*Problem description*: Quote the records below in full, exactly as given, with the images taken out.

------------------------------

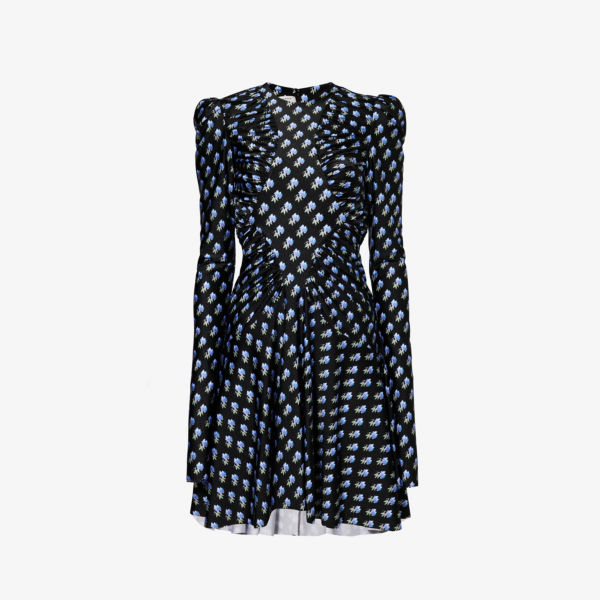 цена Мини-платье из эластичной ткани со сборками и круглым вырезом Philosophy Di Lorenzo Serafini, черный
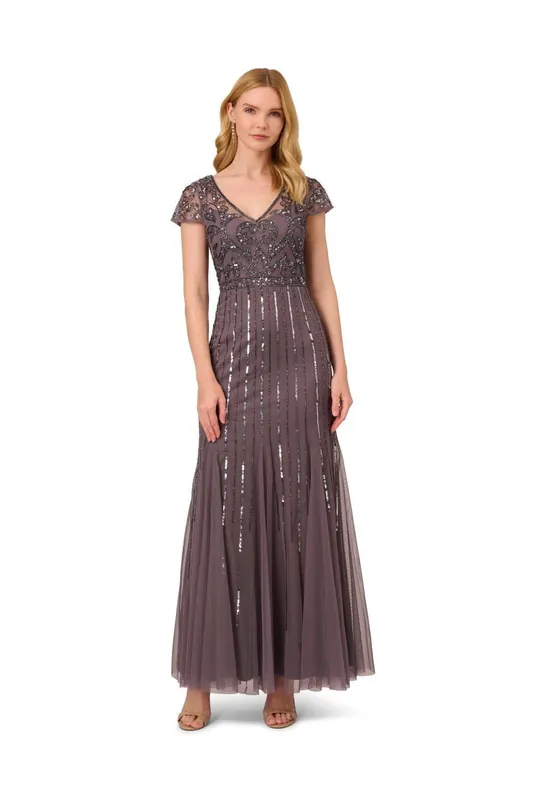 Beaded Long Dress - Adrianna Papell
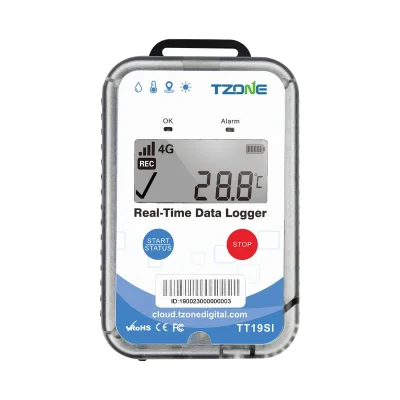4G Light Shock Sensor Wireless Temperature & Location Tracker 17,000 data เครื่องบันทึกอุณหภูมิและติดตามตำแหน่งแบบไร้สาย 4G รุ่น TT19SI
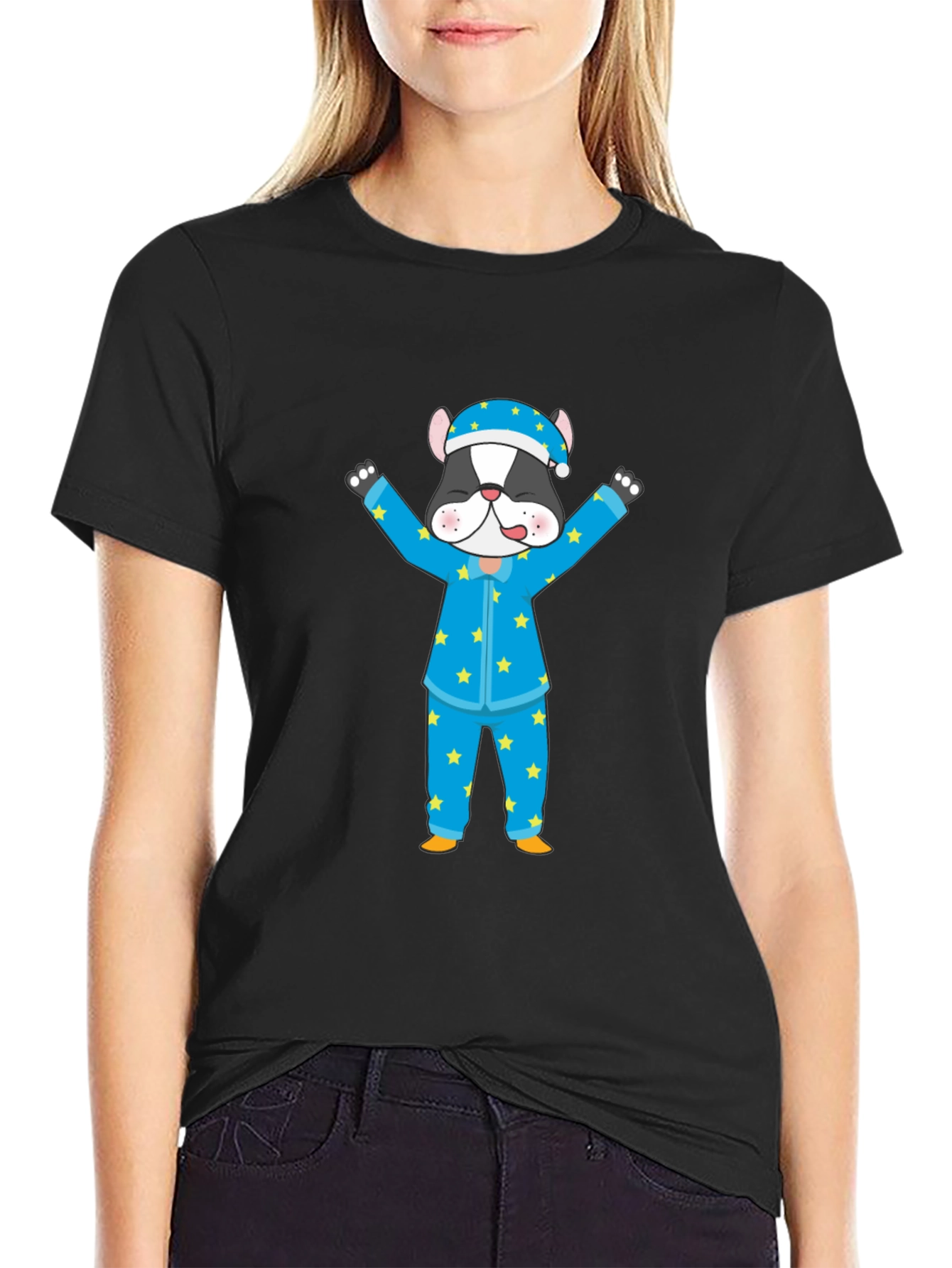 Cartoon Dog Pajamas Black T-Shirt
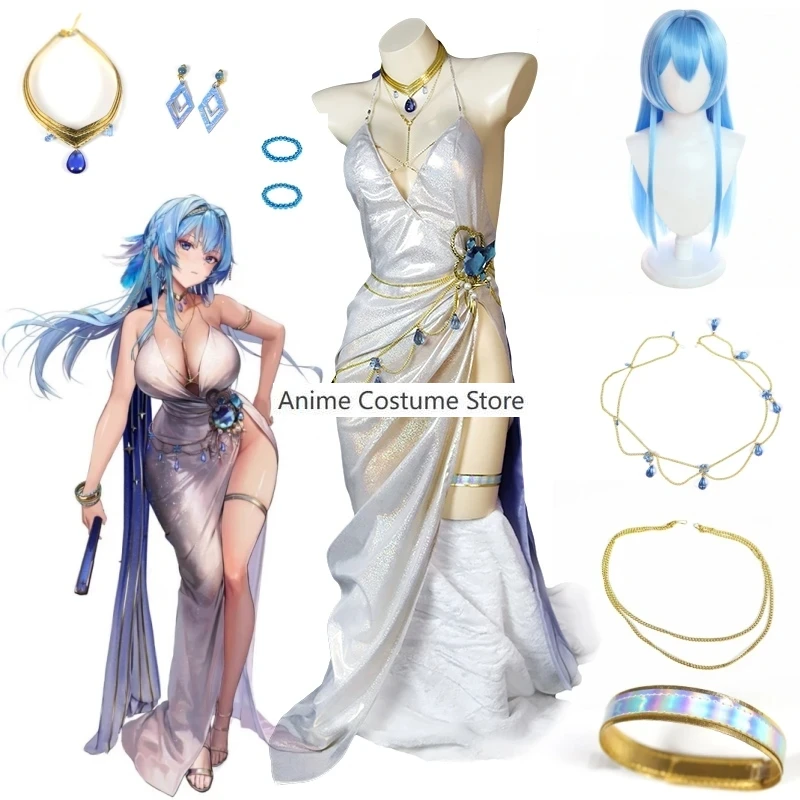 Gra NIKKE Anime peryferyjne Helen-Alice przebranie na karnawał Christmas Party biała gładka satynowa sukienka seksowna bogini elegancka sukienka garnitur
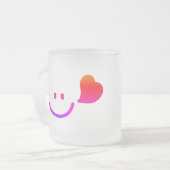 Schattige Smiley Gezicht met Hart – Minimalist Hap Matglas Koffiemok (Voorkant links)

------------------------------

*Written solution*:
 цена Мини-платье из эластичной ткани со сборками и круглым вырезом Philosophy Di Lorenzo Serafini, черный
 Beaded Long Dress - Adrianna Papell
4G Light Shock Sensor Wireless Temperature & Location Tracker 17,000 data เครื่องบันทึกอุณหภูมิและติดตามตำแหน่งแบบไร้สาย 4G รุ่น TT19SI
 Cartoon Dog Pajamas Black T-Shirt
 Gra NIKKE Anime peryferyjne Helen-Alice przebranie na karnawał Christmas Party biała gładka satynowa sukienka seksowna bogini elegancka sukienka garnitur
 Schattige Smiley Gezicht met Hart – Minimalist Hap Matglas Koffiemok (Voorkant links)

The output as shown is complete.